Lead Production Superintendent Master Sgt. Erik Kast and Dyess Air Force Base Commander Col. Jose Sumangil instruct Leading for Innovation students during the class held Aug. 25 and 26, 2020, at STRIKEWERX in Bossier City, La. The class, meant to turn AFGSC Airmen into intrapreneurs, grew out of the Dyess AFB spark cell and has scaled up to all the wings in the command. (Courtesy photo by Sean Green)
1st Lt. Victoria Wright | Air Force Global Strike Command
BOSSIER CITY, La. — At the intersection of the Striker Culture initiative and the command-wide push for innovative thinking and building margin, is the Leading for Innovation course.
The first offering of L4I to the entire command kicked off Aug. 25 at Air Force Global Strike Command’s innovation hub, STRIKEWERX, with 15 Airmen of various ranks attending from seven AFGSC bases.
This is the fourth iteration of L4I, but the course was previously only offered to local Airmen at Dyess Air Force Base, Texas.
Attendees for the course were personally selected by Dr. Donna Senft, Air Force Global Strike Command chief scientist after going through a competitive process at the wing level. This process required a nomination from their local wing commander.
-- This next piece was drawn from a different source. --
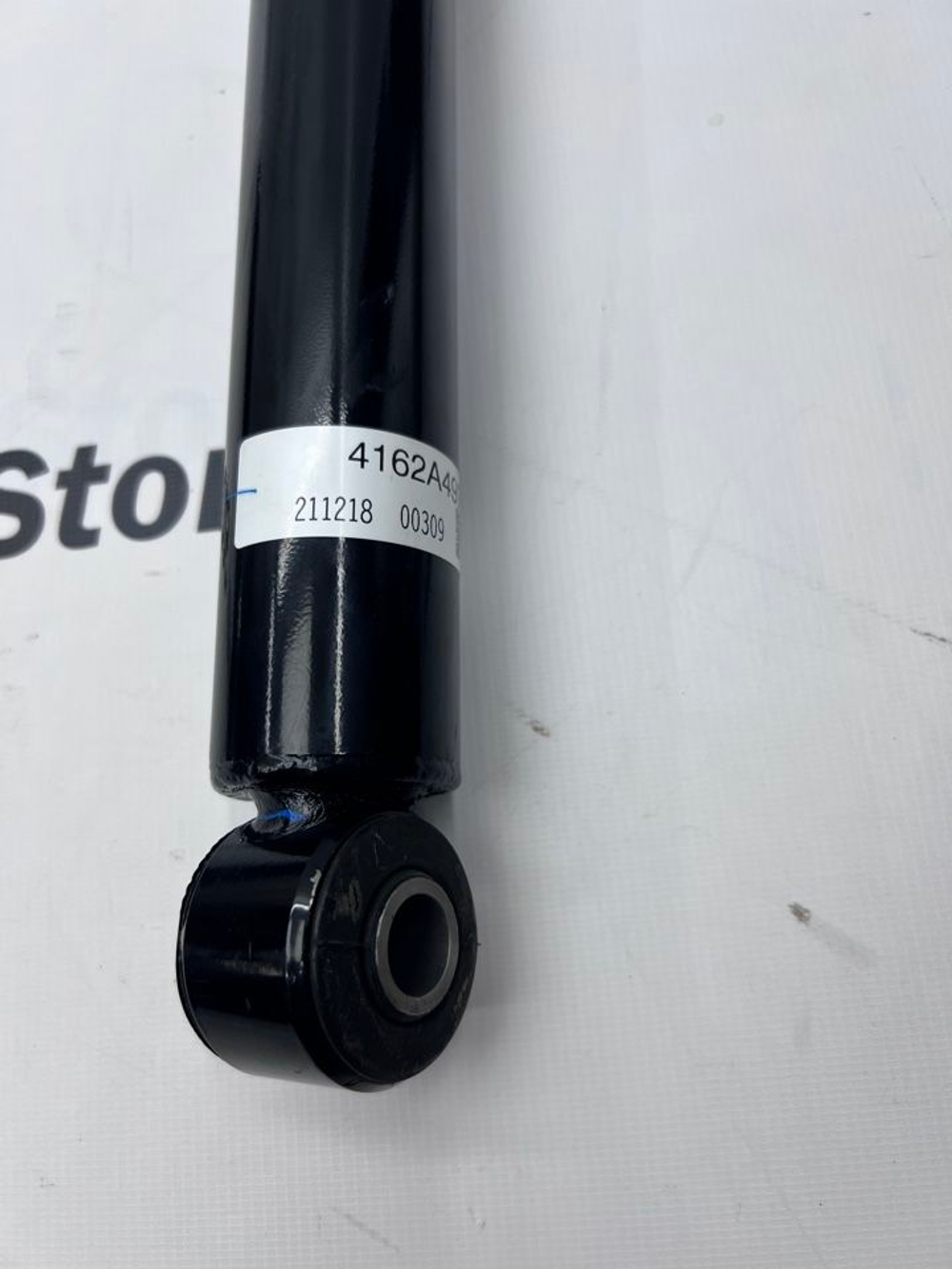 Амортизатор задний Митсубиши Паджеро 3. 4162A497. Новый. Оригинал.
“Innovation is an essential component of the command going forward,” Senft said. “In addition to our partnership efforts, we’re focusing inward to get our Airmen to think in a different way, and that’s what this course is about.”
The project-based course was adapted from Hacking for Defense by Col. Jose Sumangil, 7th Bomb Wing commander, and is facilitated by Sumangil and four Dyess Airmen who are also recent graduates of the course.
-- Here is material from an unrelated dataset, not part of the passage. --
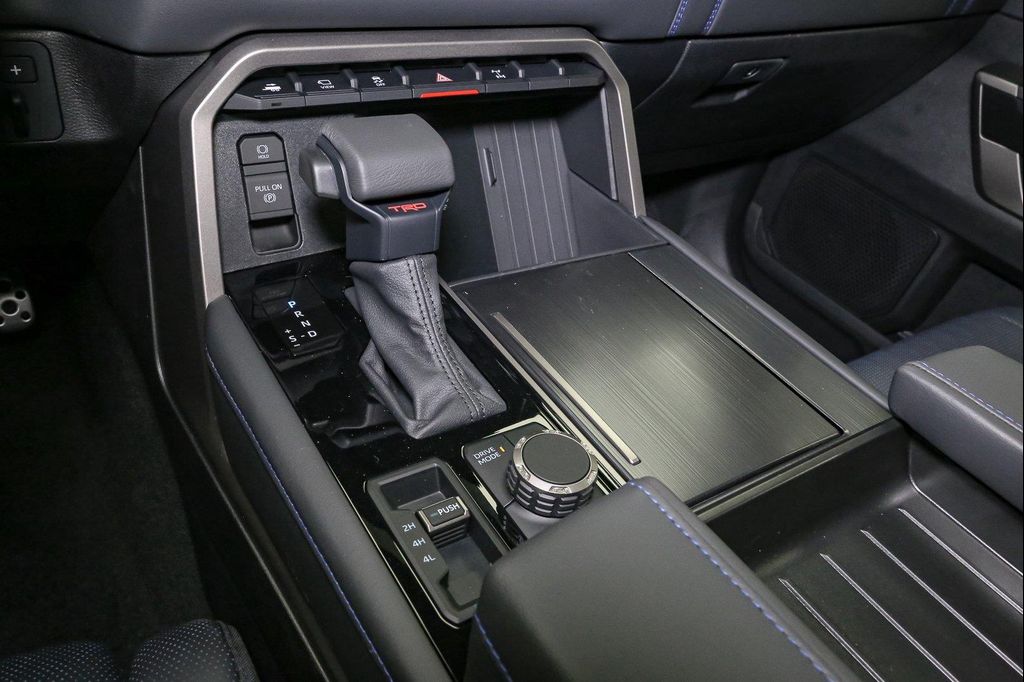 صورة مصغرة 23 لـ 2026 Toyota SEQUOIA PLATINUM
“We have a lot of talent in the Air Force,” Sumangil said. “We just need to provide them the skills and a way to take a problem and find a solution.”
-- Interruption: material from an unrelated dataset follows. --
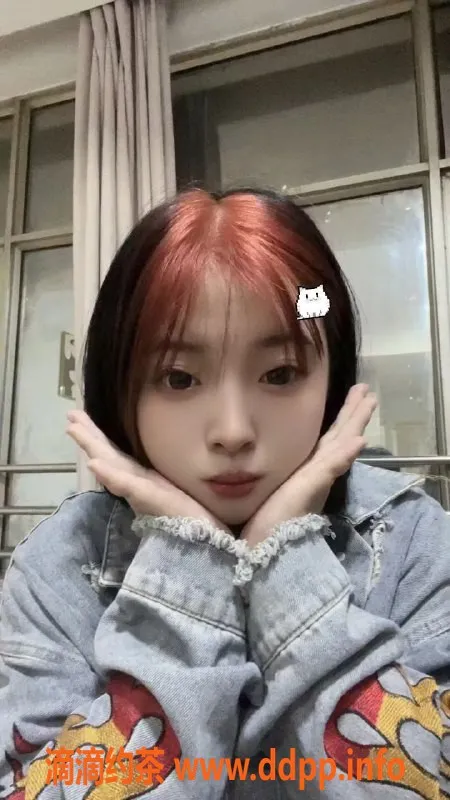 武汉楼凤-露思——性感优雅，身材火辣，提供多元化服务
L4I is aimed at empowering Airmen to be intrapreneurs by solving issues through a combination of design thinking and problem curation, which strengthens the problem solving skill set.
By offering L4I to all AFGSC Airmen, individuals have the opportunity to network with attendees from other AFGSC bases.
“A solution might not make sense at one base, but when you bring the network together, this solution is able to solve a problem somewhere else,” Sumangil added. “This is when real things happen.”
According to Senior Master Sgt. Erik Kast, a current course mentor and recent graduate, the purpose of the course is really to teach Airmen how to go out and find problems, rather than creating a solution to later throw at a problem.
“We work to teach individuals to fundamentally understand the problem,” Kast added. “When someone looks at a problem with an intention to understand it rather than immediately solve it, they are more likely to find the real problem – not a subset or side effect of that problem.”
At the conclusion of the five-week course, graduates are expected to return to their bases and carry the course teachings forward to further develop the local innovation processes and hubs at their wings.